En direct sur le plateau de BFM, ce dernier n’a pas apprécié les remarques sur les chiffres de la sécurité, peu avantageux pour son ministère. Violences, atteintes aux personnes, homicides, coups et blessures, sans oublier les violences sexuelles : tous ces indicateurs sont en hausse pour l’année 2021. Et pas de bol pour Darmanin, les chiffres viennent de ses services.
« Est-ce que vous ne vous êtes pas réveillés un peu tard sur les questions de sécurité? », a donc demandé la présentatrice, avant de s’entendre répliquer par le ministre : « J’ai regardé votre logo, je pensais qu’on était sur CNews, mais en fait on est bien sur BFMTV. » Peut-être était-il à court d’arguments ? La suite a continué dans l’envolée lyrique et les noms d’oiseaux, à base de « populiste », de « Calmez-vous Madame, ça va bien se passer » ou encore de « Je réponds comme vous m’agressez ».
Une réaction jugée sexiste
Il n’a pas fallu longtemps pour que l’opposition réagisse à cette interview hors norme, ou en tout cas plus virulente que d’habitude.
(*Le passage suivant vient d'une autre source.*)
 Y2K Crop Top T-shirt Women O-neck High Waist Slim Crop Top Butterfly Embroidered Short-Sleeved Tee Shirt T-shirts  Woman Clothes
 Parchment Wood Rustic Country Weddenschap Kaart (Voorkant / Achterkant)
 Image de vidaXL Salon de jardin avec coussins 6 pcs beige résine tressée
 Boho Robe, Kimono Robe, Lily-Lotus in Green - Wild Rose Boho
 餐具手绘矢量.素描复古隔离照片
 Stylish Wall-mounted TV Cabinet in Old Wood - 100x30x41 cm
À gauche, le secrétaire national d'EELV Julien Bayou a dénoncé le « sexisme crasse » du ministre, tandis que le compte twitter Women who do stuff dénonce « une réponse paternaliste et misogyne (il est à deux doigts de la traiter d’hystérique) ». Un nouvel épisode dans les accusations de sexisme envers Gérald Darmanin, déjà bête noire des féministes pour ses démêlés avec la justice. Accusé de viol et de harcèlement en 2017, puis d’abus de faiblesse en 2018, il a été blanchi dans chacun de ces cas lors des deux dernières années.
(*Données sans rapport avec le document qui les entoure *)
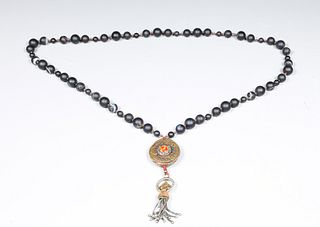 Black Stone Beaded Necklace with Tibetan Detail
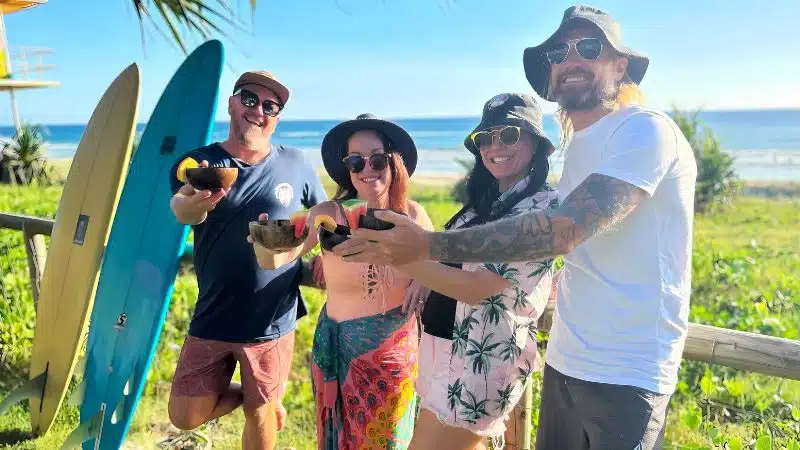 Image of Australians on the beach drinking kava in Australia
À droite, on s’est empressé plutôt de s’engouffrer dans la brèche politique. Chez Les Républicains, on s’en prend au « Mépris macroniste épisode 852 ». Idem pour Éric Zemmour qui fustige le « naufrage abyssal de la politique sécuritaire d’Emmanuel Macron » et en profite pour se poser en solution : « Dans 60 jours, je ferai de la protection des Français une priorité absolue. »
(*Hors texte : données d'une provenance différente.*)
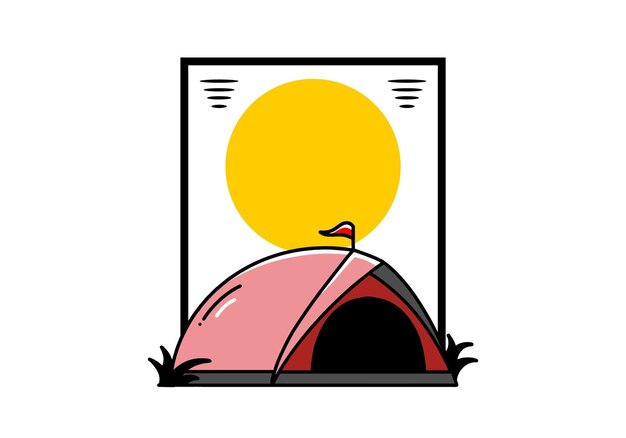 Dome tent camping illustration badge design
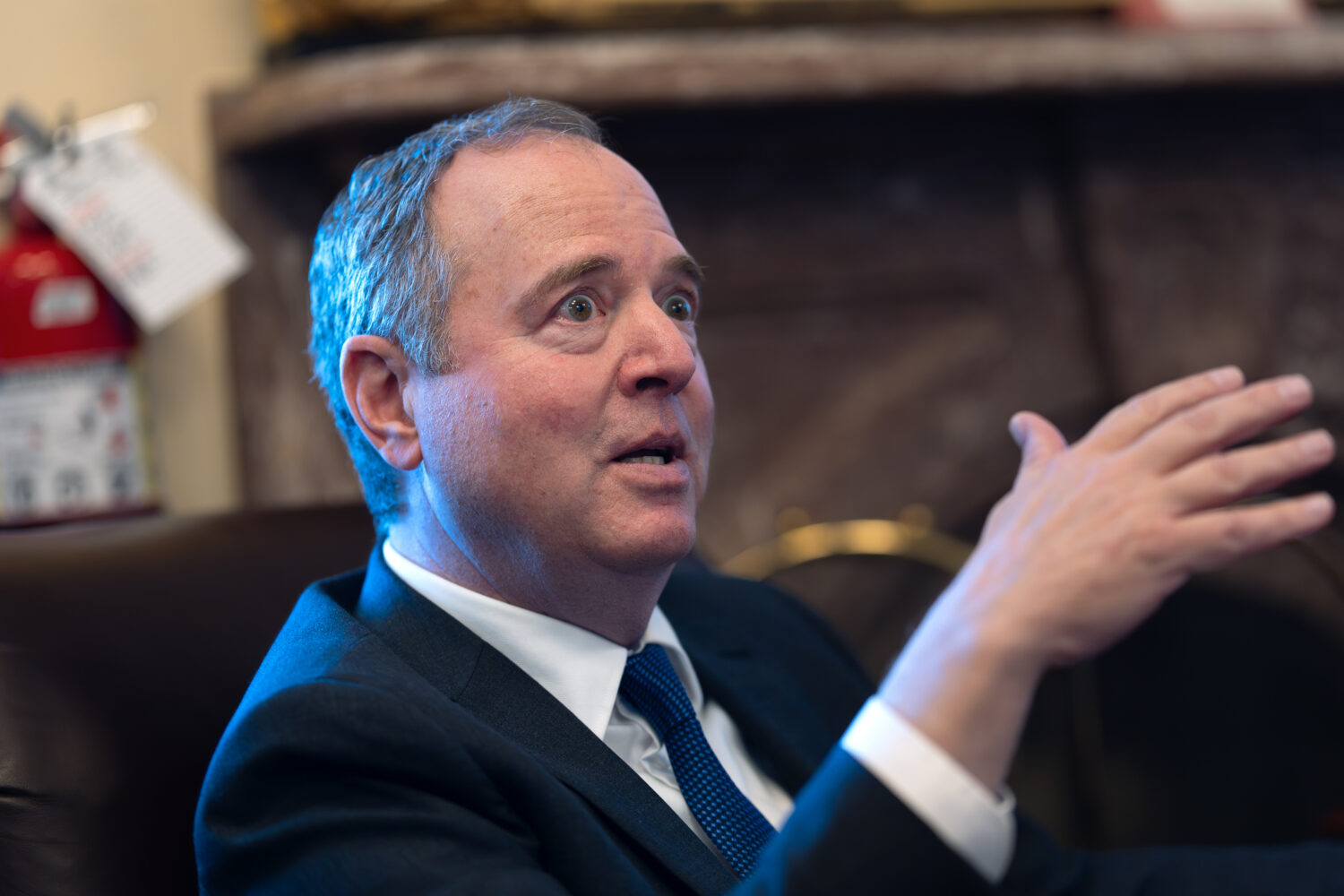 Sen. Adam Schiff, D-Calif., speaks with reporters about President Donald Trump's foreign policy int...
D’où est parti cet échange de tirs ? Il est possible qu’Apolline de Malherbe ait voulu taper fort cette fois, après la vidéo de la semaine dernière où elle tutoyait Patrick Balkany — lequel doit retourner ce mercredi en prison pour avoir violé son contrôle judiciaire. Mais même si elle avait voulu réagir à cette affaire, avant toute autre considération, elle n’a fait ici que son travail. C’est surtout la violence du ministre qui étonne en réalité, encore davantage sur une chaîne TV peu habituée à ce genre de frasques. Gérald Darmanin aurait-il raison, lorsqu’il déclare se croire sur CNews ? Peut-être, en effet. Mais pour reprendre ses termes favoris, il est au moins aussi responsable de cet « ensauvagement » médiatique que ne l’est BFM.